How Faith-Based Organizations Can Create a Culture of Encounter with People Seeking Refuge

Geneva, 19 December 2019 - From theater plays performed by refugees to publishing fairy tales written by refugees to creating support groups for asylum-seekers, faith-based organizations are engaged in many different ways to create a culture of encounter for people seeking refuge.

Policy Officer Mantalin Kyrou announced ICMC’s pledge to provide resettlement experts to assist the UN Refugee Agency and governments wishing to scale up their resettlement programs. Resettlement is a life-saving solution for many vulnerable refugees. On 16 December, on the eve of the first-ever Global Refugee Forum, faith-based organizations met in Geneva to discuss how to best assist refugees and support their integration into host communities.

During the meeting, International Catholic Migration Commission Policy Officer Mantalin Kyrou presented the pledge at the Forum: a promise to assist the UN Refugee Agency (UNHCR) and governments with refugee resettlement.

Ms. Kyrou highlighted the magnitude of needs in 2019: 1.4 million refugees were in need of resettlement, but only 55,000 were resettled to third countries.

By providing experts that can be deployed worldwide on short notice, ICMC facilitates resettlement activities throughout the world. These experts, part of the ICMC-UNHCR Deployment Scheme roster of over 500 professionals, are specialized in resettlement, child protection, and gender-based violence protection and prevention. They work to identify refugees who are most at risk and for whom resettlement is the only durable solution.

ACT Alliance’s Migration and Displacement Program Manager Christian Wolfe emphasized the importance of increasing resettlement and complementary admission pathways for refugees.

Mr. Wolfe also underlined the need for better planning to find local solutions in countries that host large numbers of refugees.

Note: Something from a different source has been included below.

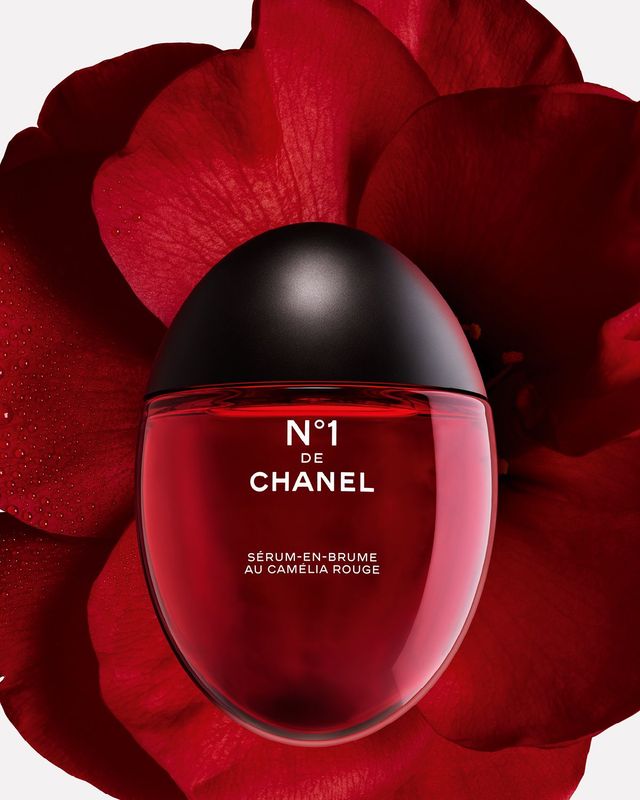 N°1 DE CHANEL 레드 까멜리아 세럼 인 미스트 50ml 16만5천원.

Although this is an important part of the Forum’s objectives, few details have been set forth as to how to proceed so that host countries have sufficient support when taking responsibility for these refugees.

Aloysius John, Secretary General of Caritas Internationalis, referred to Pope Francis’ 2017 Ted Talk. In that message, the Holy Father put responsibility for the future not only in the hands of politicians, leaders, and companies, but, first and foremost, in the actions of individuals from the grassroots, who recognize each other’s dignity and work to create spaces for encounter.

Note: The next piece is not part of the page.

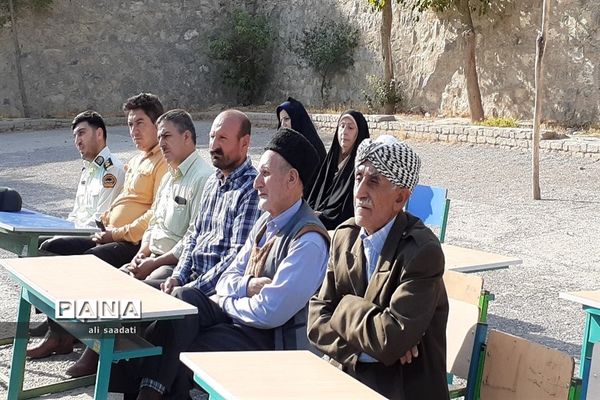 کلنگ‌زنی ساخت فضای آموزشی جدید در روستای  احمد‌آباد شهرستان کلات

Tearing down barriers to integration

In Greece, Caritas Hellas founded a refugee theater group that presented the ancient Greek play The Odyssee, the story of a refugee king who attempts to return home after a 10-year war. Locals were touched to see newcomers performing in Greek. The result was an exceptional space for encounter. ©Caritas Hellas

Two examples of such initiatives are found in the work of Caritas Hellas in Greece and Caritas Sofia in Bulgaria.

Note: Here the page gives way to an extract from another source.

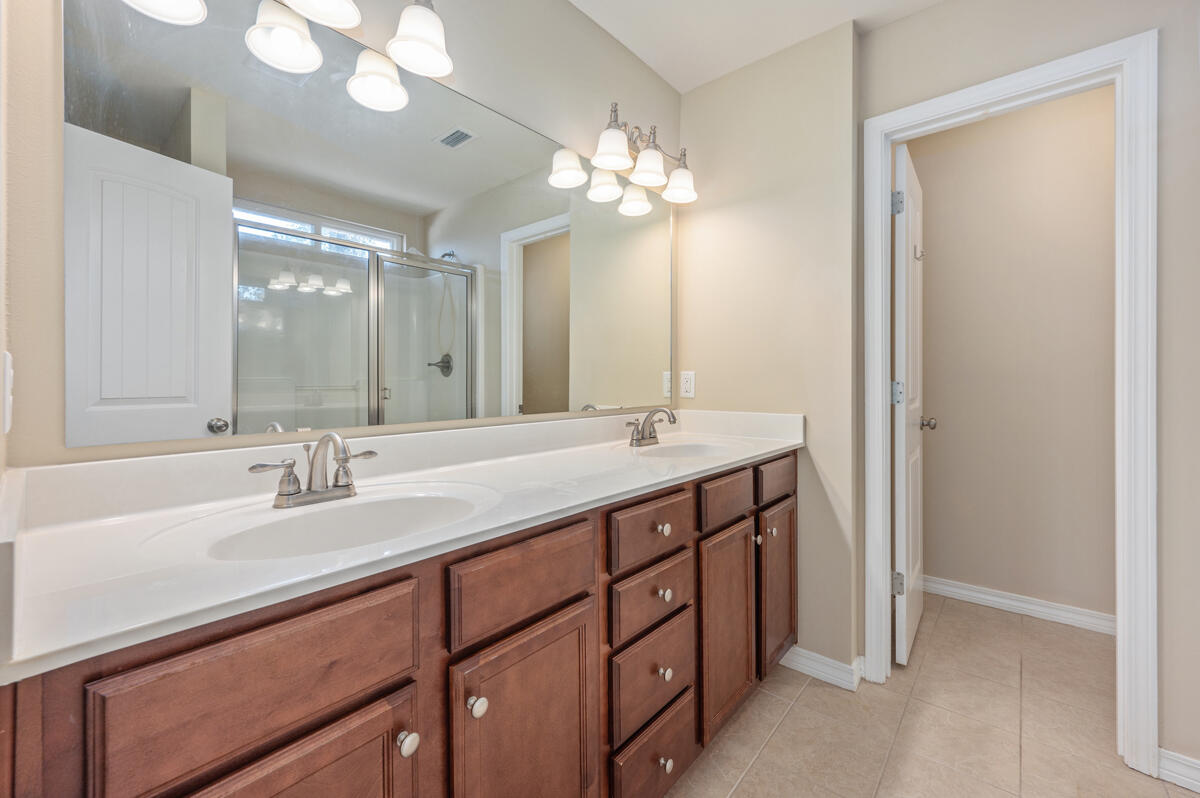 HUNTERS RIDGE - Residential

Christy Tsantioti of Caritas Hellas explained that learning the local culture was an essential aspect of integration. One millennial form of Greek culture is theater. Caritas Hellas created a refugee theater group that presented The Odyssee.

“The group of refugees related to the Greek story of a refugee king who attempts to return home after a 10-year war,” explained Chalil Alizada, coordinator of the acting group and an ex-refugee. As for the locals, they were touched to see newcomers performing their folkloric play in Greek – a language some struggled to speak. The result was the creation of an exceptional space for encounter between locals and refugees and a beautiful example of using art for social inclusion.

Dessi Petkova from Caritas Sofia shared the example of the Travelling Stories initiative, a collection of 15 fairy tales written by refugees and published as a book in the writer’s native tongue, in Bulgarian and in English. The stories will be presented in Bulgarian public schools and libraries. Their objective is to make local children imagine life in a refugee child’s shoes.

Rev. Dr. Sivin Kit and Atallah Fitzgibbon, Faith Partnership Advisors for the Lutheran World Federation and Islamic Relief, shared the stage to recount positive aid experiences through their organizations’ interfaith partnership in Jordan and Kenya. “Faith-based organizations can offer not only services but also unconditional love to survivors,” said Mr. Fitzgibbon. Dr. Kit reminded the audience that refugees are not subjects, but objects, themselves actors in shaping their own futures.

“Remember the 10,000 people without a recognized status in Geneva, the city of human rights,” said Dominique Froidevaux, director of Caritas Geneva, focusing the discussion around local challenges and opportunities.

Dessi Petkova from Caritas Sofia introduced the Travelling Stories, a collection of fairy tales written by refugees. The book will be presented in Bulgarian public schools and libraries to make local children imagine life in a refugee child’s shoes. Rev. Michel Schach represented Soutien Oecuménique des Requérants d’asil (SORA), a Geneva-based interfaith support group for asylum-seekers created by the Protestant Parish Center and the Catholic St-Paul Parish. He explained that members of both parishes decided to take action after learning that about 75 asylum-seekers lived permanently in an underground nuclear shelter. Military troops which used the shelter for training for only two weeks every year suffered from depression due to poor living conditions. 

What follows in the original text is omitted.